* [WHAT YOU SHOULD DO]: Exclude all pictures, then copy each of the records exactly as written.

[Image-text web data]
>>>

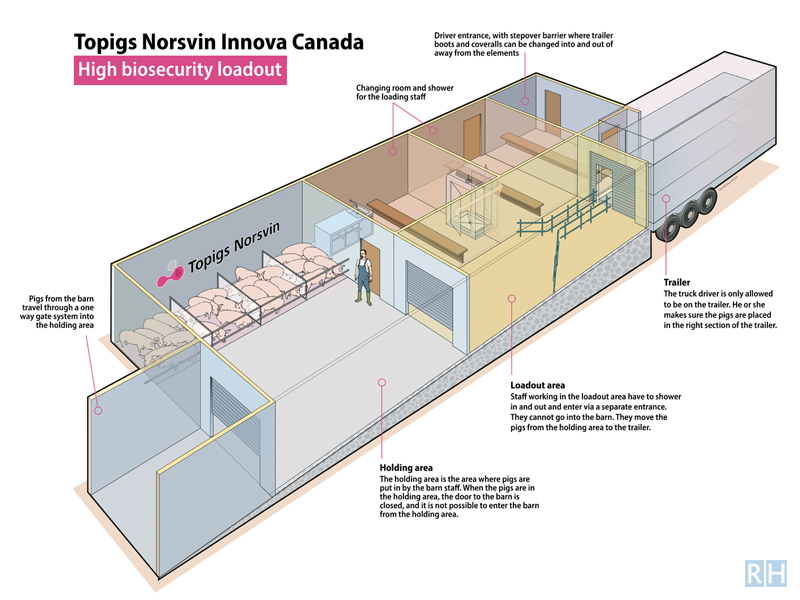 infographic Topigs Norsvin Loadout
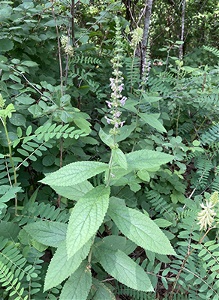 Ouachita Hedge-nettle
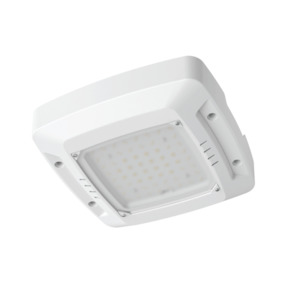 Led Highbays: LED Canopy Light IP65 Power and Colour Selectable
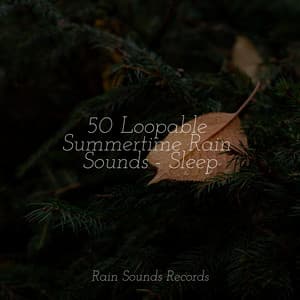 50 Loopable Summertime Rain Sounds - Sleep - Brain Study Music Guys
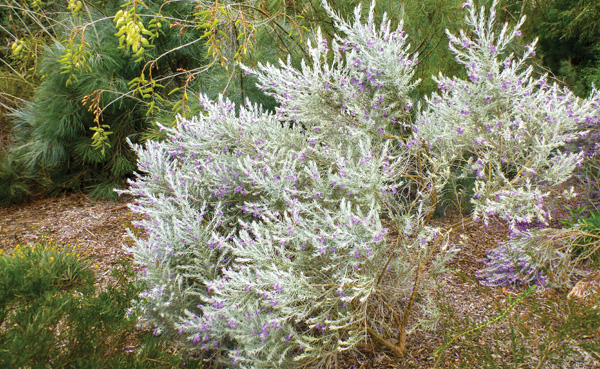 Silky emu bush (Eremophila nivea)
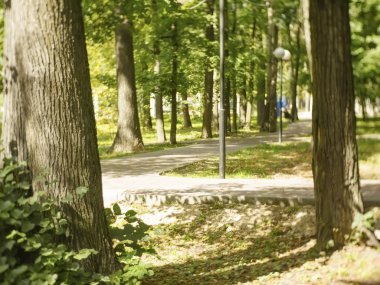 Yazın Moskova 'da, parkta asfalt yol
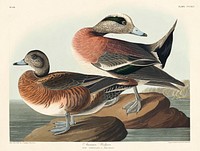 American Widgeon from Birds of America (1827) by John James Audubon, etched by William Home Lizars. Original from University of Pittsburg. Digitally enhanced by rawpixel.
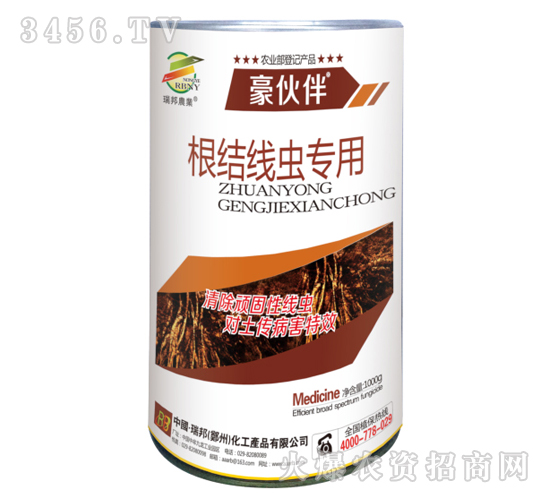 �����x����-�����-�������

<<<

* [SOLUTION BELOW]:
 infographic Topigs Norsvin Loadout
 Ouachita Hedge-nettle
 Led Highbays: LED Canopy Light IP65 Power and Colour Selectable
 50 Loopable Summertime Rain Sounds - Sleep - Brain Study Music Guys
 Silky emu bush (Eremophila nivea)
 Yazın Moskova 'da, parkta asfalt yol
 American Widgeon from Birds of America (1827) by John James Audubon, etched by William Home Lizars. Original from University of Pittsburg. Digitally enhanced by rawpixel.
 �����x����-�����-�������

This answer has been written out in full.